▶ TRY IT: Repeat the listing in full. Nothing may be added or left out.

▶ DATASET RECORDS:

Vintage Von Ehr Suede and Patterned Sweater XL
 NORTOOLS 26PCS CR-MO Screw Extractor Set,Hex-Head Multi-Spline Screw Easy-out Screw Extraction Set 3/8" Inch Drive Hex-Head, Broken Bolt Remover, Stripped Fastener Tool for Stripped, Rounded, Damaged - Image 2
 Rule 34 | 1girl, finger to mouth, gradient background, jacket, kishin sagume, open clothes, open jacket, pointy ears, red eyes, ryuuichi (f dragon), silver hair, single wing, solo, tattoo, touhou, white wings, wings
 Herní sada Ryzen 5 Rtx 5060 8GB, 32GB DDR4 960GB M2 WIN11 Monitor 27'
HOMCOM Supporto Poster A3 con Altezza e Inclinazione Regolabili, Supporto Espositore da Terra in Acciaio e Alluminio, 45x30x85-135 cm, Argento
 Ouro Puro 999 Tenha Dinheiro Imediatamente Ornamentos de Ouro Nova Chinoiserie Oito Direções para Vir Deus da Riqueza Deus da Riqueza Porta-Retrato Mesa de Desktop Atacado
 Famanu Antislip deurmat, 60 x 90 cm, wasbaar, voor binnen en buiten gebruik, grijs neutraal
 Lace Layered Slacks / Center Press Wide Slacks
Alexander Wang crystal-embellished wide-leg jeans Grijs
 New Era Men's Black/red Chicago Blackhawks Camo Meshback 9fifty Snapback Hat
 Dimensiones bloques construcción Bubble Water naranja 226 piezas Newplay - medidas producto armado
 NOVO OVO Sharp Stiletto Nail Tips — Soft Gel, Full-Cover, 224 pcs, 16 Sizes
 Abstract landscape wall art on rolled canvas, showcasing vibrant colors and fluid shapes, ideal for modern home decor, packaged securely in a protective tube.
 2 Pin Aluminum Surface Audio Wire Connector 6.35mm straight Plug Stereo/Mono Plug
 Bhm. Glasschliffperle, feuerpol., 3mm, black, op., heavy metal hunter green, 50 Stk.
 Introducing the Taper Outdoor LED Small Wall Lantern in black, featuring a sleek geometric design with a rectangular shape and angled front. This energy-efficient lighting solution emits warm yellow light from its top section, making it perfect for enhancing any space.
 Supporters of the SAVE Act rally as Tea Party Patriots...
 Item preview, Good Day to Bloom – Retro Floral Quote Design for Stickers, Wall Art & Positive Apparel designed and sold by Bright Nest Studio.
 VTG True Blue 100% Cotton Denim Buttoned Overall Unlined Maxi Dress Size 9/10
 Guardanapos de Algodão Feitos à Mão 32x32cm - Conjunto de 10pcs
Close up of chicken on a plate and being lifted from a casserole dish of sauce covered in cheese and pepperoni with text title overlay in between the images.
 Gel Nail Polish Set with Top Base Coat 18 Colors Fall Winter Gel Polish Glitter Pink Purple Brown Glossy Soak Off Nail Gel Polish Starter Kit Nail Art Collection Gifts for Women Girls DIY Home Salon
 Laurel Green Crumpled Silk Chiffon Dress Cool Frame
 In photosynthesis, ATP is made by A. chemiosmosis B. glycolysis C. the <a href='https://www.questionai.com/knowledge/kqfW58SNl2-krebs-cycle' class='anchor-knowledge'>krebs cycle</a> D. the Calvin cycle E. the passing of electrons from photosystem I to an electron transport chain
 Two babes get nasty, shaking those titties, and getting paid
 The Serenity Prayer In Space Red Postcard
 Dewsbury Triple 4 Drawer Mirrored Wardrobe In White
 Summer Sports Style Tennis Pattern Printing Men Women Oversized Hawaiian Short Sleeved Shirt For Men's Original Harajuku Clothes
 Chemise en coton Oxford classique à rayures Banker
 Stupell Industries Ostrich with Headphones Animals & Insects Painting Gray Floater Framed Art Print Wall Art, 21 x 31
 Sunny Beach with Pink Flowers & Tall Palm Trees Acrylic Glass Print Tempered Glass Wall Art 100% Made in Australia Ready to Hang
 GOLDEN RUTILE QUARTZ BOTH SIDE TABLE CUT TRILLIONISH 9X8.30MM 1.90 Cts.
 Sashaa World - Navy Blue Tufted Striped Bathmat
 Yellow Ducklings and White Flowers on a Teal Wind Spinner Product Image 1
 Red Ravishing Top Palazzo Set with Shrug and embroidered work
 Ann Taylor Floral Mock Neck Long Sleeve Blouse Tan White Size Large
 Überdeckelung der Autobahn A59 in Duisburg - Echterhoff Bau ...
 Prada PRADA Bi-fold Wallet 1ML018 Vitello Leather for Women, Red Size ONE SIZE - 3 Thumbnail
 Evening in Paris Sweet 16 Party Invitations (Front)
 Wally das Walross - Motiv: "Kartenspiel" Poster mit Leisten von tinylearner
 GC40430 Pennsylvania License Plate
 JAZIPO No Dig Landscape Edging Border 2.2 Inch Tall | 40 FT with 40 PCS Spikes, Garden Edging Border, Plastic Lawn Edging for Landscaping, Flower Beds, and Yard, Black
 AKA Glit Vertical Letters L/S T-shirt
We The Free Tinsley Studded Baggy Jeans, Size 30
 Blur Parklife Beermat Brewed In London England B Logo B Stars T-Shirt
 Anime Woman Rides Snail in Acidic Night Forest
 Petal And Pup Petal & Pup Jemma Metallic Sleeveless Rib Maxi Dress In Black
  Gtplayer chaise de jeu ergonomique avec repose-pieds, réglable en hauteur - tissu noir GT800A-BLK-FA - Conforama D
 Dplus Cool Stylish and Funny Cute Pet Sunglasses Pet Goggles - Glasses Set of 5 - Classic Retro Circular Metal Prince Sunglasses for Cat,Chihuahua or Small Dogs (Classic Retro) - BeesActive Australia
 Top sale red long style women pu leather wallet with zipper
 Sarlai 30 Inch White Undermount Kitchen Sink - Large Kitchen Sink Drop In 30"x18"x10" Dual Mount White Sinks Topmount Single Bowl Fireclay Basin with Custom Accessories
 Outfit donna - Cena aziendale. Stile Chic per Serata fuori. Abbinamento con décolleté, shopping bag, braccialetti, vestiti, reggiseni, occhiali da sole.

▶ SOLUTION FOR THIS EXERCISE:
Vintage Von Ehr Suede and Patterned Sweater XL
 NORTOOLS 26PCS CR-MO Screw Extractor Set,Hex-Head Multi-Spline Screw Easy-out Screw Extraction Set 3/8" Inch Drive Hex-Head, Broken Bolt Remover, Stripped Fastener Tool for Stripped, Rounded, Damaged - Image 2
 Rule 34 | 1girl, finger to mouth, gradient background, jacket, kishin sagume, open clothes, open jacket, pointy ears, red eyes, ryuuichi (f dragon), silver hair, single wing, solo, tattoo, touhou, white wings, wings
 Herní sada Ryzen 5 Rtx 5060 8GB, 32GB DDR4 960GB M2 WIN11 Monitor 27'
HOMCOM Supporto Poster A3 con Altezza e Inclinazione Regolabili, Supporto Espositore da Terra in Acciaio e Alluminio, 45x30x85-135 cm, Argento
 Ouro Puro 999 Tenha Dinheiro Imediatamente Ornamentos de Ouro Nova Chinoiserie Oito Direções para Vir Deus da Riqueza Deus da Riqueza Porta-Retrato Mesa de Desktop Atacado
 Famanu Antislip deurmat, 60 x 90 cm, wasbaar, voor binnen en buiten gebruik, grijs neutraal
 Lace Layered Slacks / Center Press Wide Slacks
Alexander Wang crystal-embellished wide-leg jeans Grijs
 New Era Men's Black/red Chicago Blackhawks Camo Meshback 9fifty Snapback Hat
 Dimensiones bloques construcción Bubble Water naranja 226 piezas Newplay - medidas producto armado
 NOVO OVO Sharp Stiletto Nail Tips — Soft Gel, Full-Cover, 224 pcs, 16 Sizes
 Abstract landscape wall art on rolled canvas, showcasing vibrant colors and fluid shapes, ideal for modern home decor, packaged securely in a protective tube.
 2 Pin Aluminum Surface Audio Wire Connector 6.35mm straight Plug Stereo/Mono Plug
 Bhm. Glasschliffperle, feuerpol., 3mm, black, op., heavy metal hunter green, 50 Stk.
 Introducing the Taper Outdoor LED Small Wall Lantern in black, featuring a sleek geometric design with a rectangular shape and angled front. This energy-efficient lighting solution emits warm yellow light from its top section, making it perfect for enhancing any space.
 Supporters of the SAVE Act rally as Tea Party Patriots...
 Item preview, Good Day to Bloom – Retro Floral Quote Design for Stickers, Wall Art & Positive Apparel designed and sold by Bright Nest Studio.
 VTG True Blue 100% Cotton Denim Buttoned Overall Unlined Maxi Dress Size 9/10
 Guardanapos de Algodão Feitos à Mão 32x32cm - Conjunto de 10pcs
Close up of chicken on a plate and being lifted from a casserole dish of sauce covered in cheese and pepperoni with text title overlay in between the images.
 Gel Nail Polish Set with Top Base Coat 18 Colors Fall Winter Gel Polish Glitter Pink Purple Brown Glossy Soak Off Nail Gel Polish Starter Kit Nail Art Collection Gifts for Women Girls DIY Home Salon
 Laurel Green Crumpled Silk Chiffon Dress Cool Frame
 In photosynthesis, ATP is made by A. chemiosmosis B. glycolysis C. the <a href='https://www.questionai.com/knowledge/kqfW58SNl2-krebs-cycle' class='anchor-knowledge'>krebs cycle</a> D. the Calvin cycle E. the passing of electrons from photosystem I to an electron transport chain
 Two babes get nasty, shaking those titties, and getting paid
 The Serenity Prayer In Space Red Postcard
 Dewsbury Triple 4 Drawer Mirrored Wardrobe In White
 Summer Sports Style Tennis Pattern Printing Men Women Oversized Hawaiian Short Sleeved Shirt For Men's Original Harajuku Clothes
 Chemise en coton Oxford classique à rayures Banker
 Stupell Industries Ostrich with Headphones Animals & Insects Painting Gray Floater Framed Art Print Wall Art, 21 x 31
 Sunny Beach with Pink Flowers & Tall Palm Trees Acrylic Glass Print Tempered Glass Wall Art 100% Made in Australia Ready to Hang
 GOLDEN RUTILE QUARTZ BOTH SIDE TABLE CUT TRILLIONISH 9X8.30MM 1.90 Cts.
 Sashaa World - Navy Blue Tufted Striped Bathmat
 Yellow Ducklings and White Flowers on a Teal Wind Spinner Product Image 1
 Red Ravishing Top Palazzo Set with Shrug and embroidered work
 Ann Taylor Floral Mock Neck Long Sleeve Blouse Tan White Size Large
 Überdeckelung der Autobahn A59 in Duisburg - Echterhoff Bau ...
 Prada PRADA Bi-fold Wallet 1ML018 Vitello Leather for Women, Red Size ONE SIZE - 3 Thumbnail
 Evening in Paris Sweet 16 Party Invitations (Front)
 Wally das Walross - Motiv: "Kartenspiel" Poster mit Leisten von tinylearner
 GC40430 Pennsylvania License Plate
 JAZIPO No Dig Landscape Edging Border 2.2 Inch Tall | 40 FT with 40 PCS Spikes, Garden Edging Border, Plastic Lawn Edging for Landscaping, Flower Beds, and Yard, Black
 AKA Glit Vertical Letters L/S T-shirt
We The Free Tinsley Studded Baggy Jeans, Size 30
 Blur Parklife Beermat Brewed In London England B Logo B Stars T-Shirt
 Anime Woman Rides Snail in Acidic Night Forest
 Petal And Pup Petal & Pup Jemma Metallic Sleeveless Rib Maxi Dress In Black
  Gtplayer chaise de jeu ergonomique avec repose-pieds, réglable en hauteur - tissu noir GT800A-BLK-FA - Conforama D
 Dplus Cool Stylish and Funny Cute Pet Sunglasses Pet Goggles - Glasses Set of 5 - Classic Retro Circular Metal Prince Sunglasses for Cat,Chihuahua or Small Dogs (Classic Retro) - BeesActive Australia
 Top sale red long style women pu leather wallet with zipper
 Sarlai 30 Inch White Undermount Kitchen Sink - Large Kitchen Sink Drop In 30"x18"x10" Dual Mount White Sinks Topmount Single Bowl Fireclay Basin with Custom Accessories
 Outfit donna - Cena aziendale. Stile Chic per Serata fuori. Abbinamento con décolleté, shopping bag, braccialetti, vestiti, reggiseni, occhiali da sole.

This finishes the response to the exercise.